Output word for word the lines from the one with "מתנה חמודה לילדים" to the final line of the data, both ends included, but skip the pictures.

DATA
=== Section Start ===
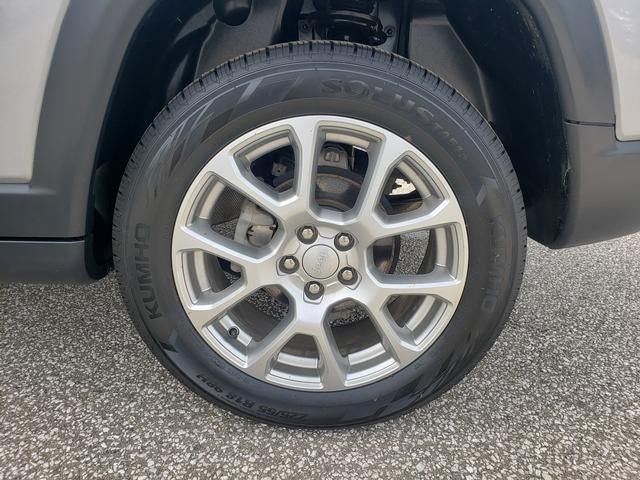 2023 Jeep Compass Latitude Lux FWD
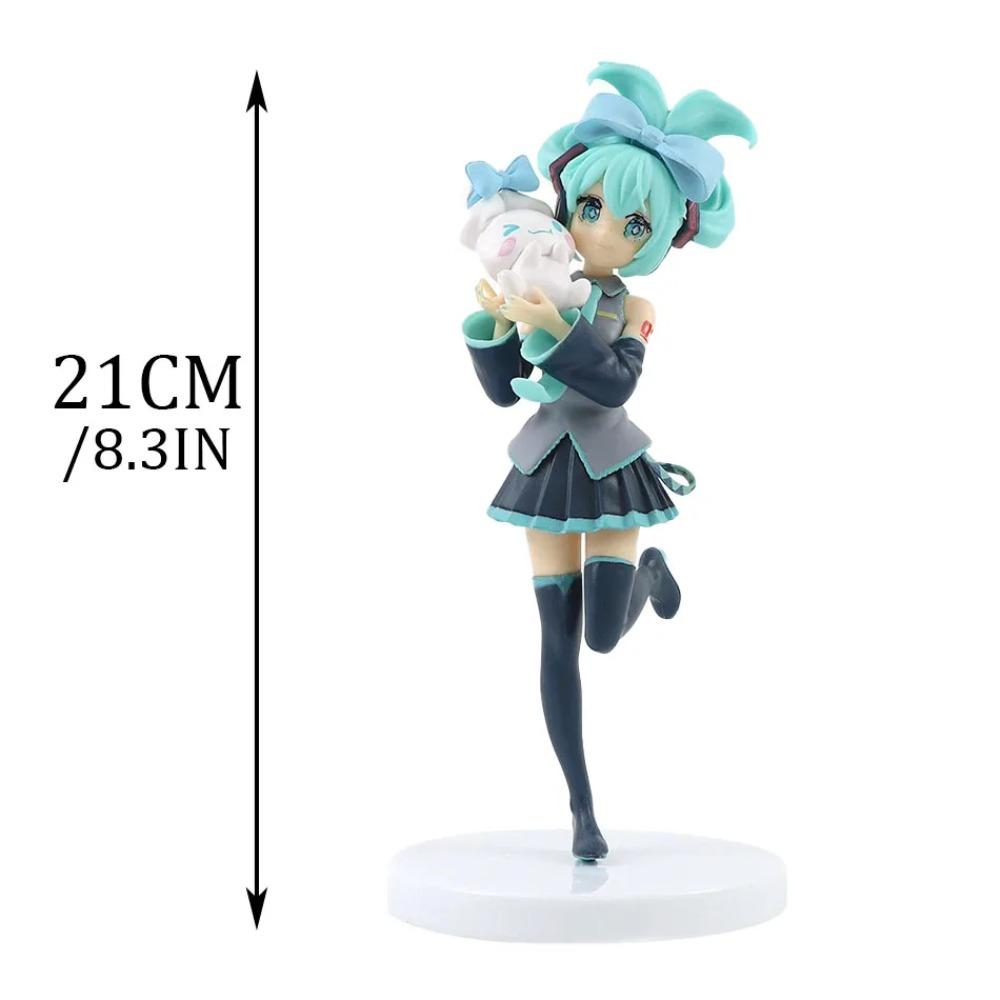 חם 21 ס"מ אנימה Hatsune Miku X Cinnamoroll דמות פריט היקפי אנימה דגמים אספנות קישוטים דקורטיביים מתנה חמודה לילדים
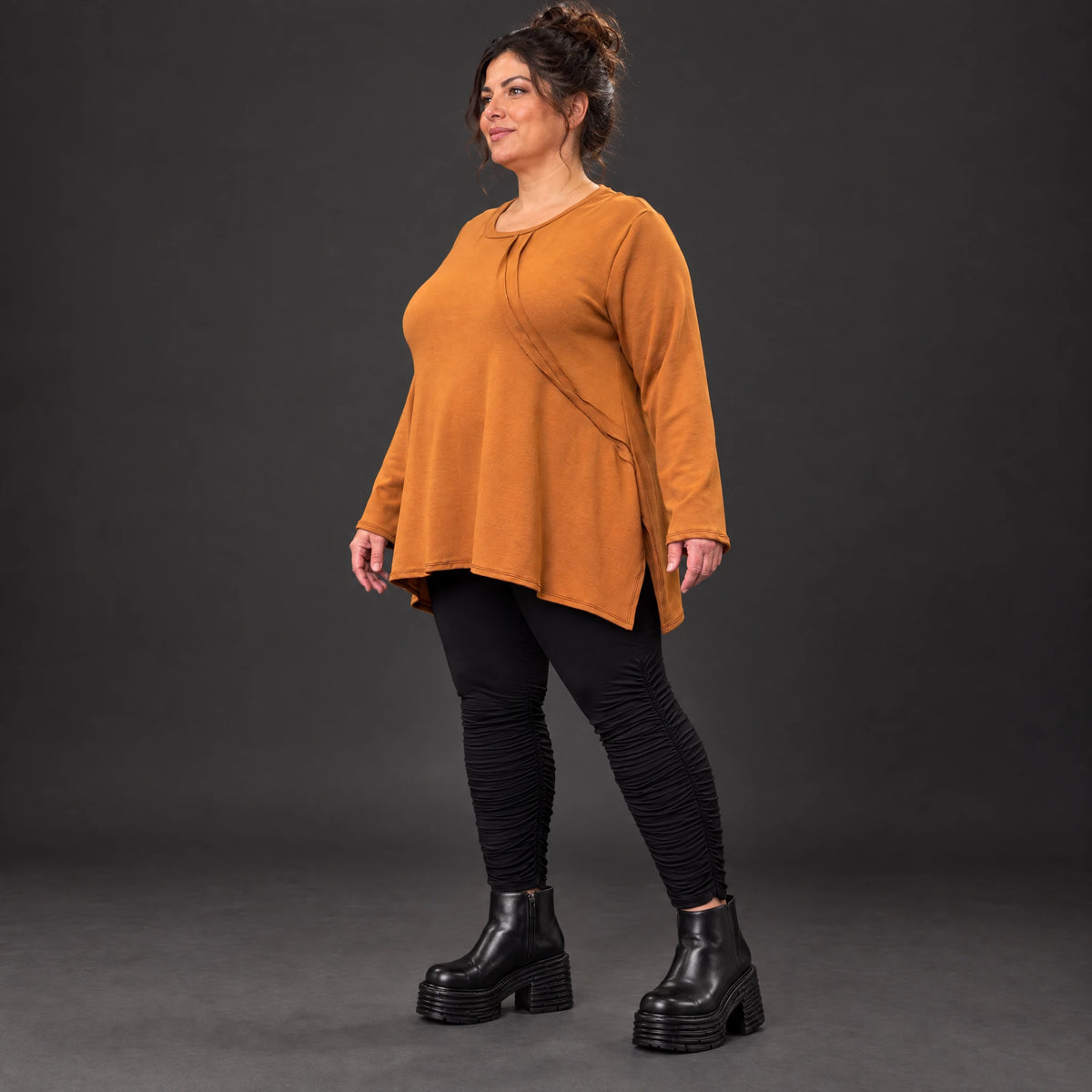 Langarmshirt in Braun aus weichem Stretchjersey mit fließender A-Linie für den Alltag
=== Section End ===
REPLY
 חם 21 ס"מ אנימה Hatsune Miku X Cinnamoroll דמות פריט היקפי אנימה דגמים אספנות קישוטים דקורטיביים מתנה חמודה לילדים
 Langarmshirt in Braun aus weichem Stretchjersey mit fließender A-Linie für den Alltag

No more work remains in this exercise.